Rosjanie byli gospodarzami mistrzostw świata w piłce nożnej w 2018 roku, a w tegorocznych zmaganiach w Katarze nie wezmą udziału. Choć piłkarze Sbornej awansowali do finału baraży, w których mieli zmierzyć się z Polakami, rosyjska inwazja na Ukrainę pozbawiła zawodników szans na występ na mundialu. Rosjan zastąpili Szwedzki, którzy nie dali rady reprezentacji Czesława Michniewicza.

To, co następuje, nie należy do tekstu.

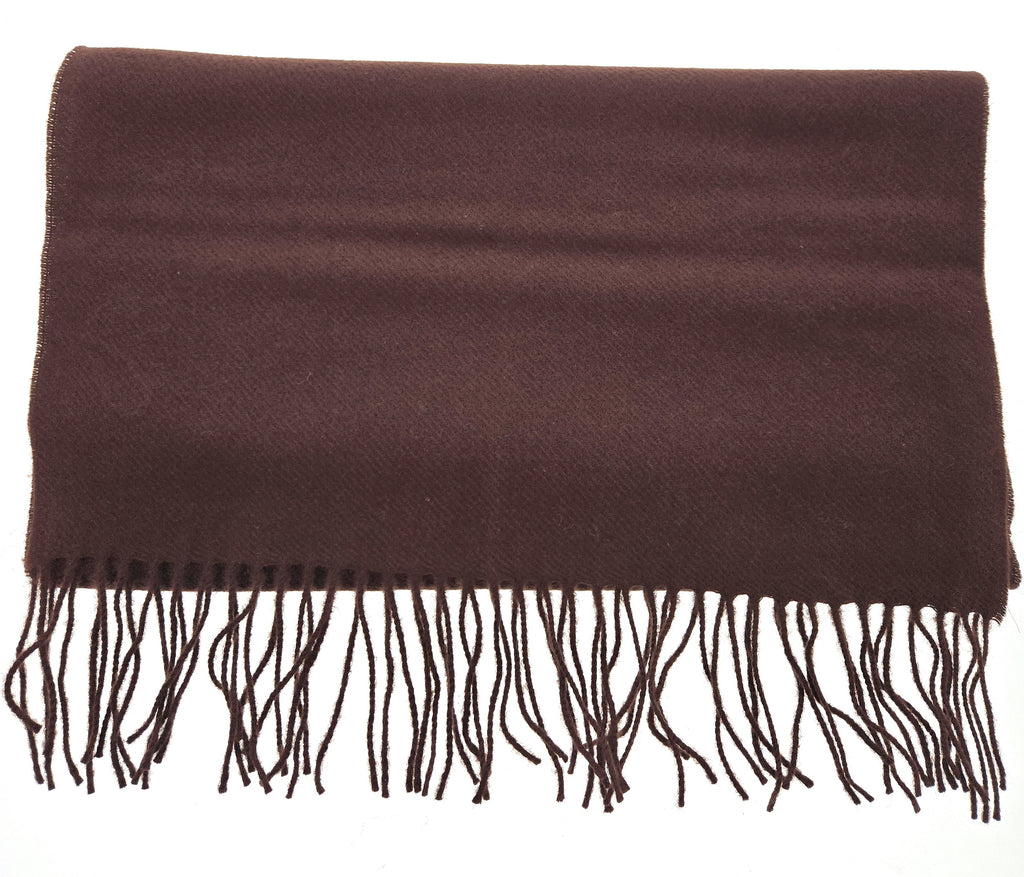 Lanvin Soft Luxurious Cashmere and Wool brown Fringe Scarf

Mimo braku występu reprezentacji na mistrzostwach rosyjskie media bacznie obserwują przygotowania do najważniejszej imprezy w roku. Portal Sport-Express przygotował w tym celu zestawienie zawodników, którzy w przeszłości grali w rosyjskiej lidze, a teraz powalczą o mistrzostwo świata w Katarze. W tym roku rozgrywki będzie reprezentować tylko dwóch zawodników - Chorwat Dejan Lovren (Zenit Sankt Petersburg) i Kameruńczyk Nicolas Moumi Ngamale (Dynamo Moskwa). Dla porównania cztery lata temu na boiskach w Rosji zaprezentowało się 15 piłkarzy z rosyjskich rozgrywek.
Rosyjscy dziennikarze wśród kadrowiczów na mundial wskazali trzech reprezentantów Polski. Sebastian Szymański obecnie gra w holenderskim Feyenoordzie na wypożyczeniu z Dynama Moskwa, a forma zawodnika pozwala widzieć go w wyjściowym składzie. - Jeden z najjaśniejszych graczy Dynama w ostatnim sezonie. Teraz Sebastian rozgrywa świetny sezon w holenderskim Feyenoordzie, gdzie wyróżnia się efektownymi akcjami zarówno w lidze, jak i w europejskich rozgrywkach. W kadrze gra na pozycji "dziesiątki" i musi być zawodnikiem w wyjściowym składzie w Katarze - czytamy.
Na wypożyczeniu w saudyjskim Al-Shabab przebywa z kolei gracz Krasnodaru, Grzegorz Krychowiak. - Od 15 października Krychowiak jest w formie w Legii, ponieważ mistrzostwa Arabii Saudyjskiej zostały wstrzymane. Mimo wieku i nie najwyższego statusu obecnego klubu Grzegorz jedzie do Kataru jako główny zawodnik w środku pola - podkreślają dziennikarze, którzy liczą na powrót pomocnika do swojej ligi.
Ostatnim wymienionym zawodnikiem jest były piłkarz Krasnoradu, Artur Jędrzejczyk. Obecność obrońcy w składzie na mundial wywołała sporo kontrowersji, ale trener Michniewicz wierzy w jego doświadczenie. - Zaskakujące jest to, że piłkarz od września 2020 roku nie został powołany do kadry narodowej. A teraz, w wieku 35 lat, jedzie na mistrzostwa świata. Najprawdopodobniej jako weteran, który utrzymuje równowagę w szatni i jest w stanie przyjść na ratunek w nagłych wypadkach - stwierdzili dziennikarze.